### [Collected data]
•••••
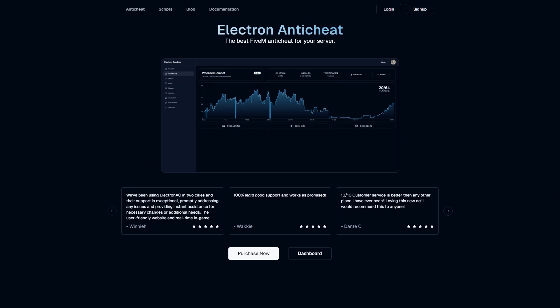Welcome to the installation guide for Electron AC. Today, I'll guide you through the entire process to get this powerful anti-cheat software up and running smoothly on your server.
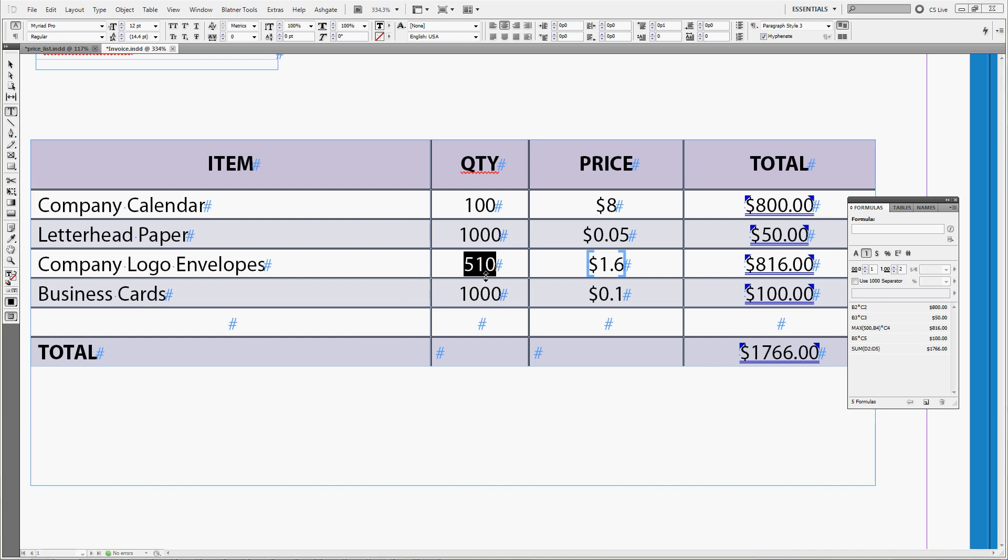So this was the max function. The max function always gives you the highest number of the sequence of numbers inputted. It can be just addresses, it can be addresses and a fixed number as in this case which shows you the minimal charge for the amount sold.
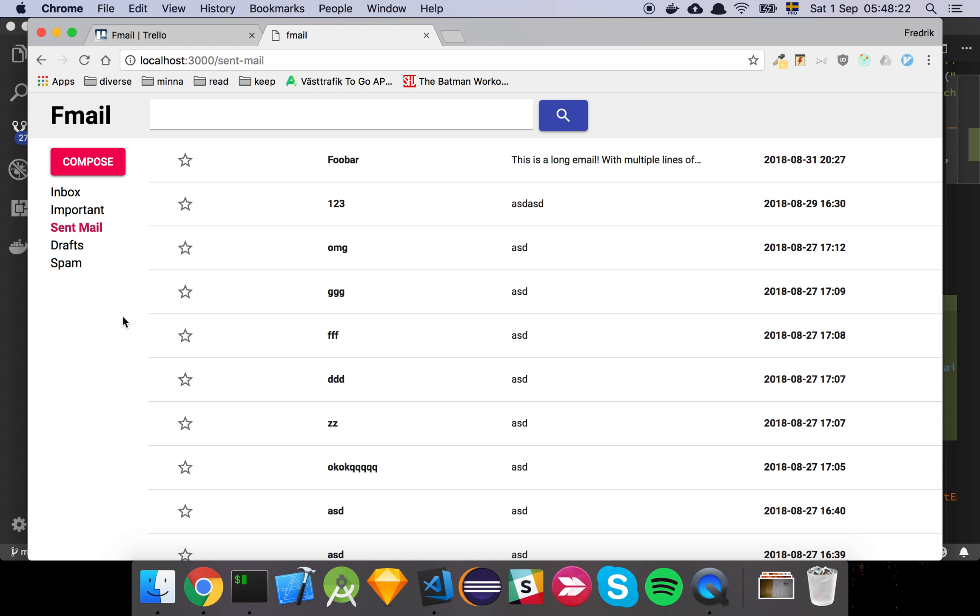Ok guys, so in this video we have added support to actually look at an email. So let's just have a look at that.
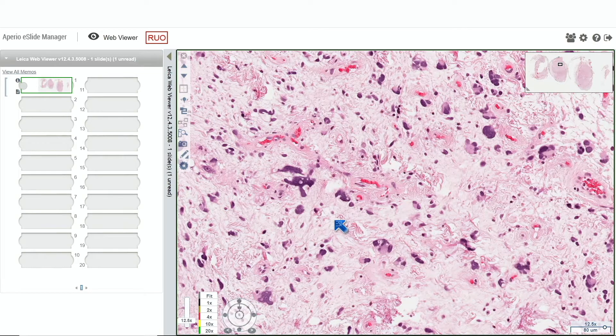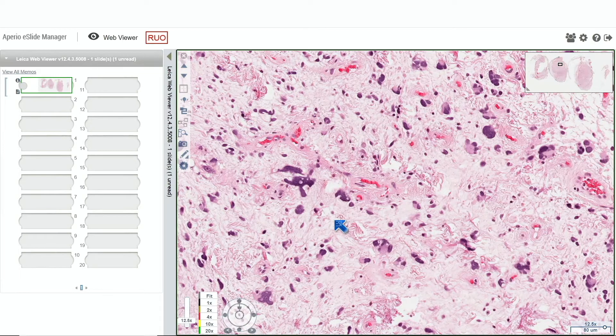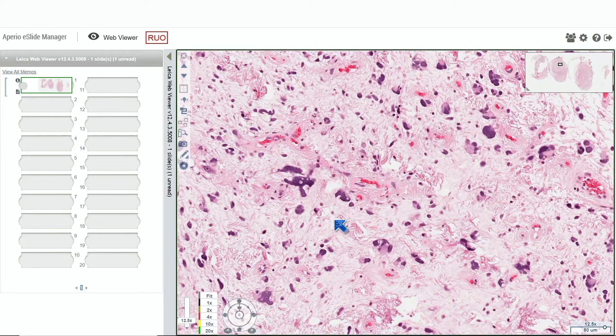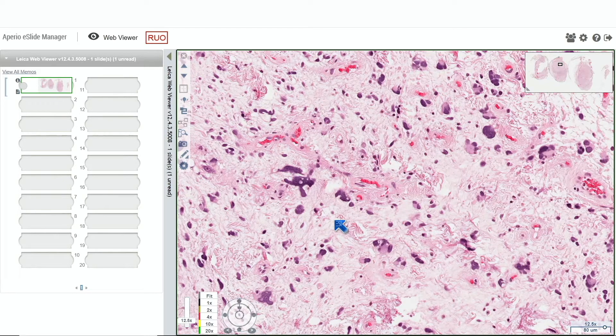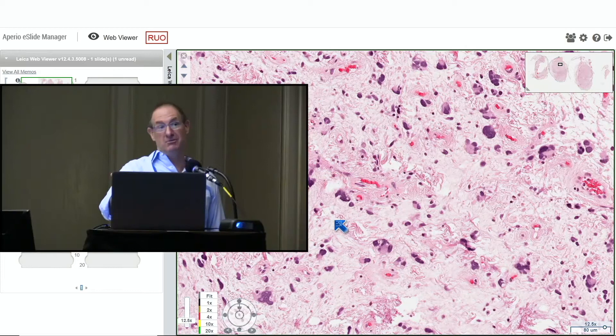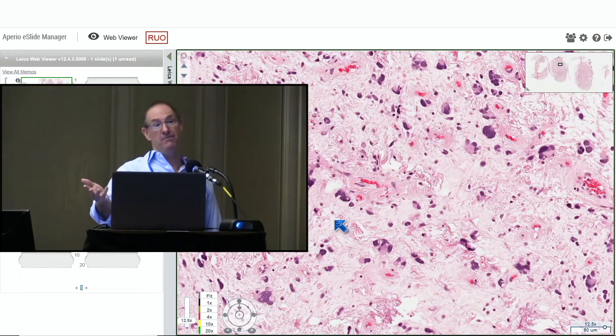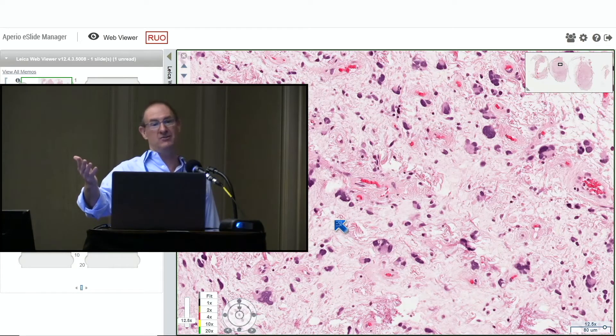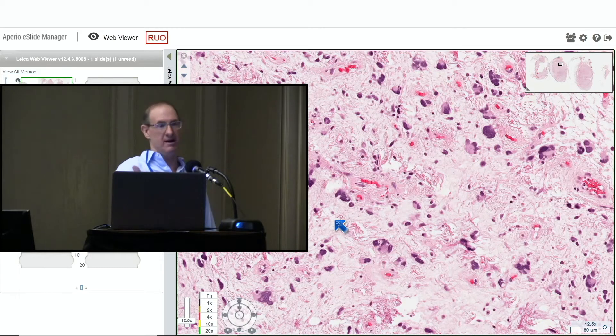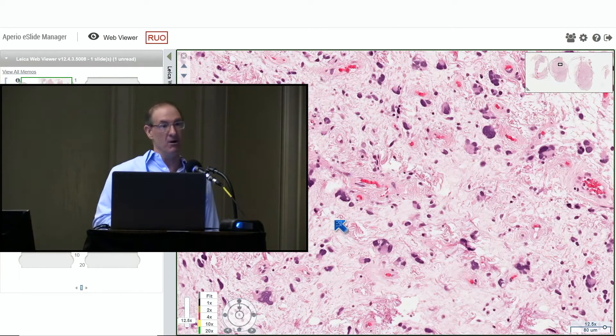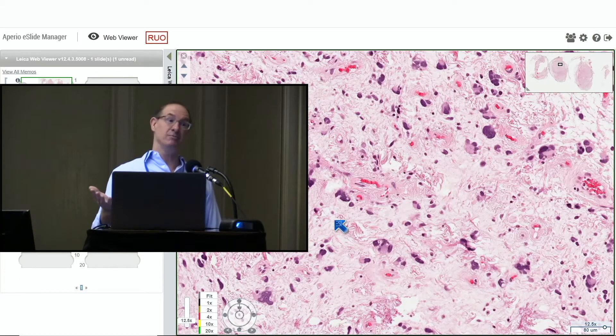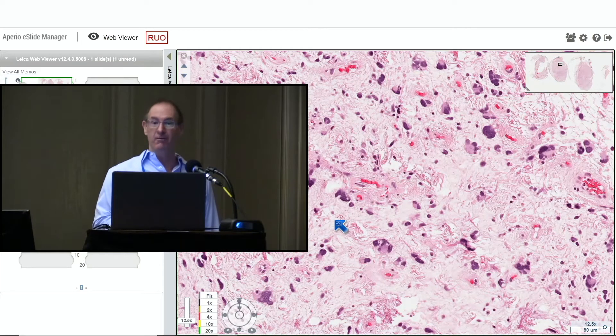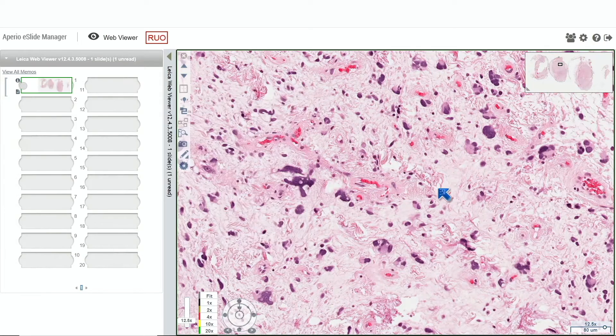Actually, a CD34 in that circumstance might be helpful because UPS should not stain for CD34 to any significant degree, whereas this will light up like a Christmas tree for CD34. So in that circumstance, I could argue CD34 might be helpful because this thing would be completely brown.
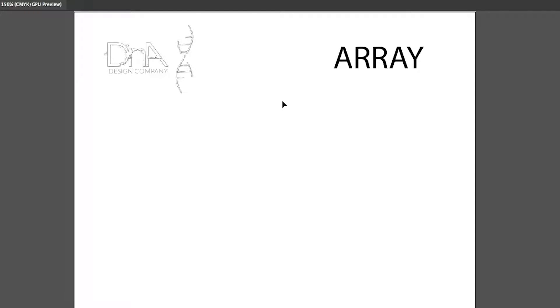Hey, what's up everyone? Dan Bennett, DNA Design Company here. Today we're going to quickly talk about how to repeat a shape along a circular path, or what I like to call array.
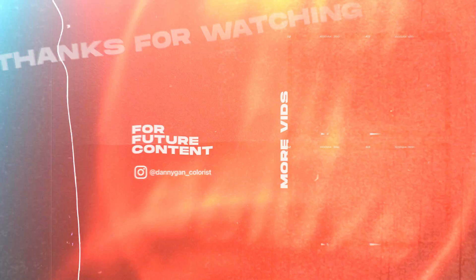All right, so that's it for this one. If you learned something new, feel free to drop a like, and I'll see you guys in the next one. Bye.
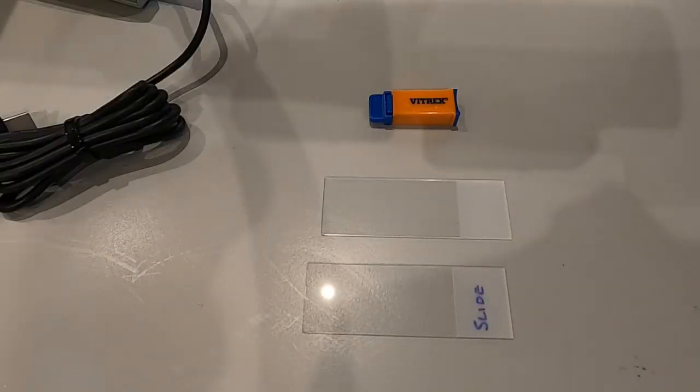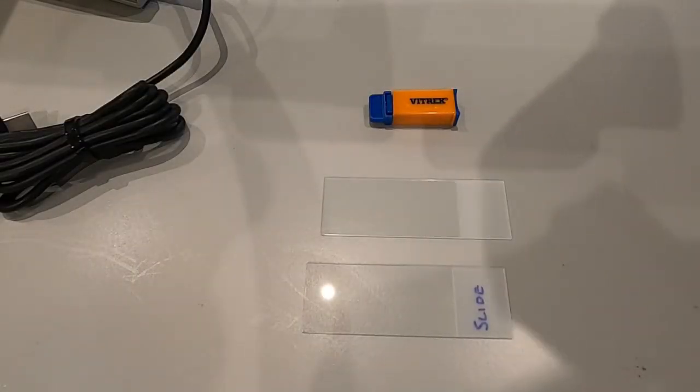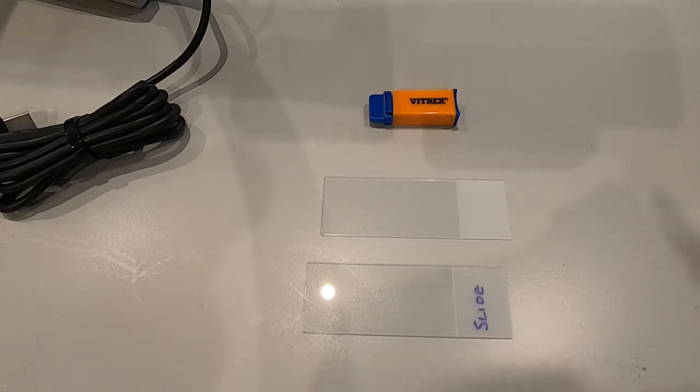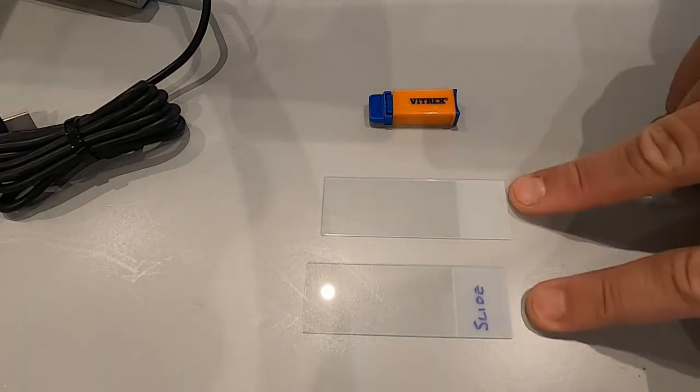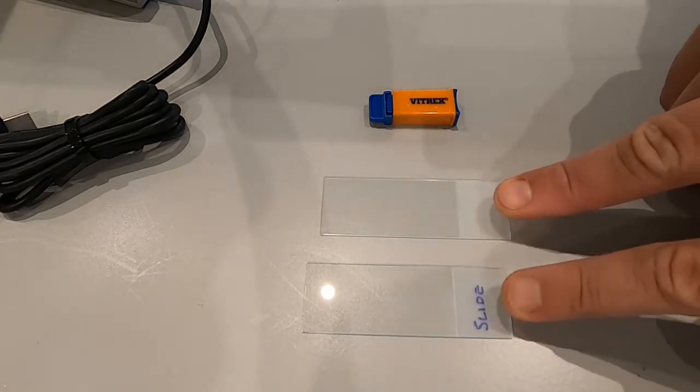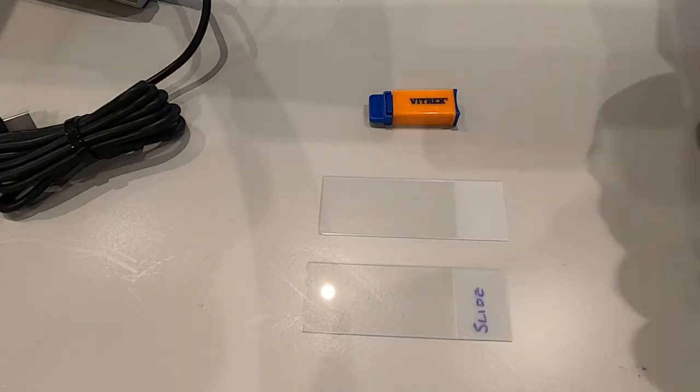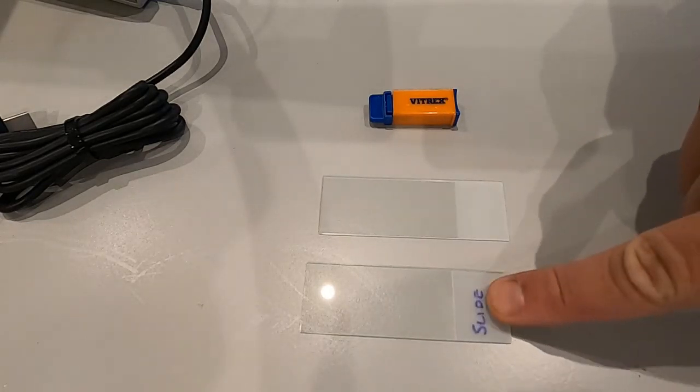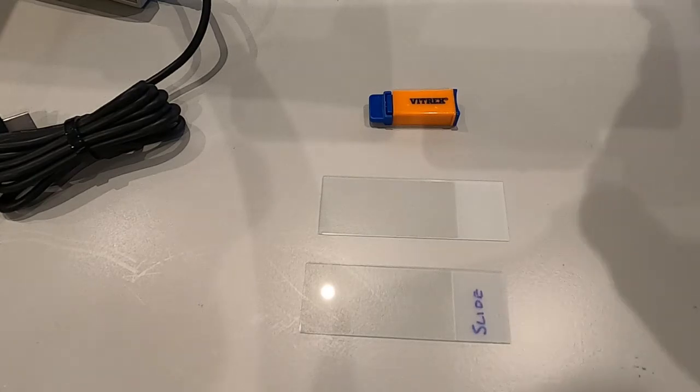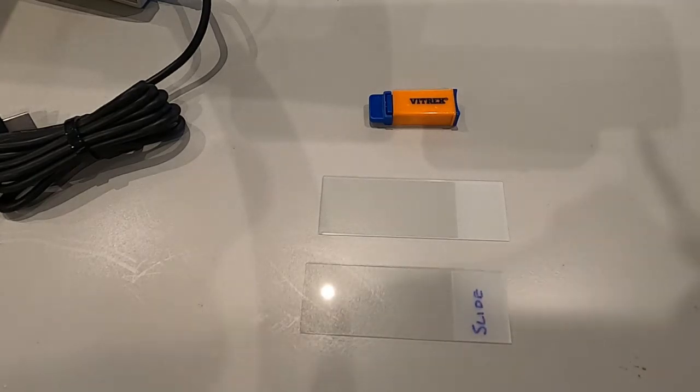For this practical you'll need very basic equipment: two glass slides, one of which I've labeled, and that will be the one I'm going to use.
•••••
### [REQUIRED WORK]
Your answer must be an exact transcription of the records above, minus the pictures.

### [ANSWER SPACE]
Welcome to the installation guide for Electron AC. Today, I'll guide you through the entire process to get this powerful anti-cheat software up and running smoothly on your server.
So this was the max function. The max function always gives you the highest number of the sequence of numbers inputted. It can be just addresses, it can be addresses and a fixed number as in this case which shows you the minimal charge for the amount sold.
Ok guys, so in this video we have added support to actually look at an email. So let's just have a look at that.
Actually, a CD34 in that circumstance might be helpful because UPS should not stain for CD34 to any significant degree, whereas this will light up like a Christmas tree for CD34. So in that circumstance, I could argue CD34 might be helpful because this thing would be completely brown.
Hey, what's up everyone? Dan Bennett, DNA Design Company here. Today we're going to quickly talk about how to repeat a shape along a circular path, or what I like to call array.
All right, so that's it for this one. If you learned something new, feel free to drop a like, and I'll see you guys in the next one. Bye.
For this practical you'll need very basic equipment: two glass slides, one of which I've labeled, and that will be the one I'm going to use.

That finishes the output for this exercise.